▶ WORK INSTRUCTION
With the pictures left out, copy the listing below exactly.

▶ SUPPLIED ENTRIES
Segment Open
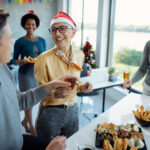 Retour en images sur le repas de Noël 2025 : une belle parenthèse entre membres du Club d’entreprise et notre équipe.
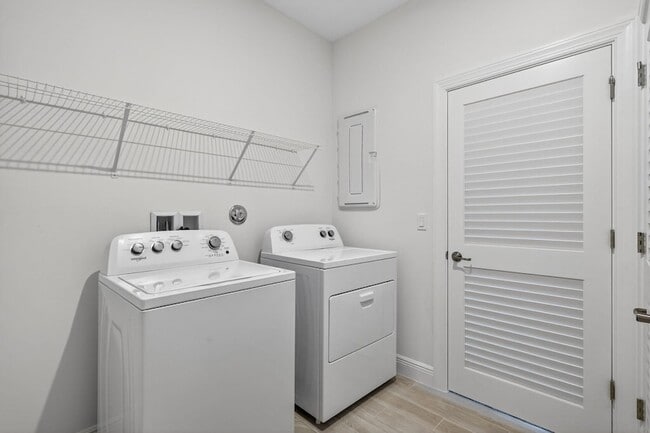 Building Photo - 3552 NW Solange Ct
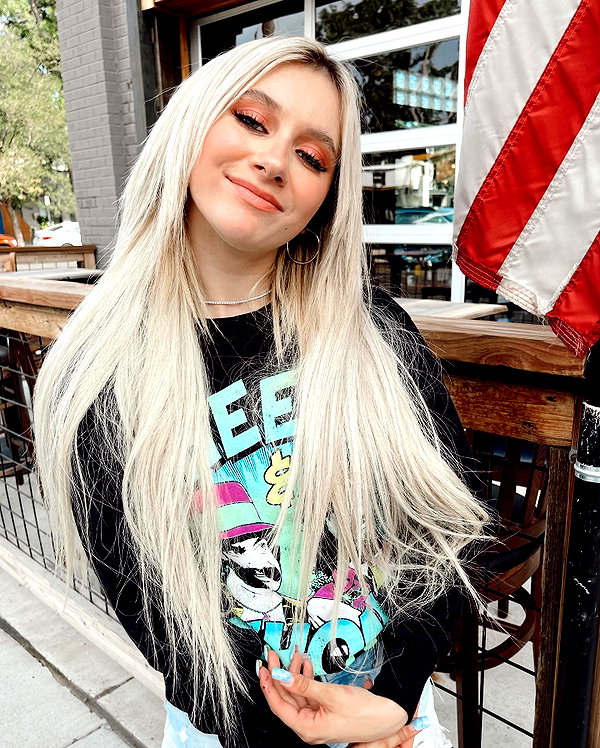 ellianawalmsley instagram image archive image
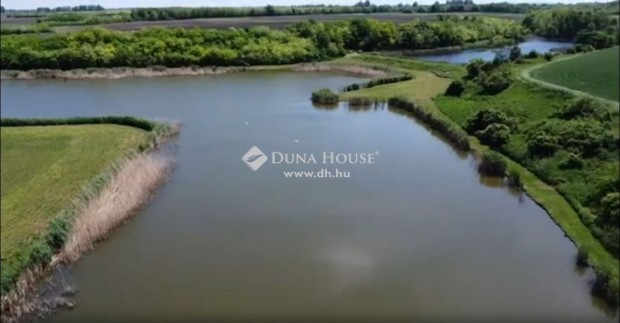 36247 nm-es telek elad� Mez�szilas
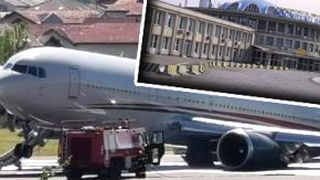 VIDEO - Panică pe Aeroportul Băneasa: Trenul de aterizare al unui avion s-a rupt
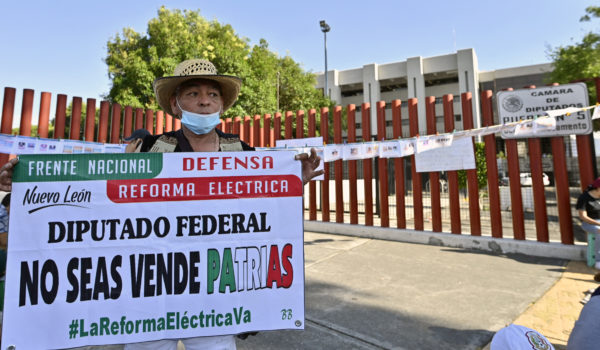 Diputados mexicanos desechan reforma constitucional de AMLO al sector eléctrico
Segment Closed
▶ PROBLEM SOLUTION
 Retour en images sur le repas de Noël 2025 : une belle parenthèse entre membres du Club d’entreprise et notre équipe.
 Building Photo - 3552 NW Solange Ct
 ellianawalmsley instagram image archive image
 36247 nm-es telek elad� Mez�szilas
 VIDEO - Panică pe Aeroportul Băneasa: Trenul de aterizare al unui avion s-a rupt
 Diputados mexicanos desechan reforma constitucional de AMLO al sector eléctrico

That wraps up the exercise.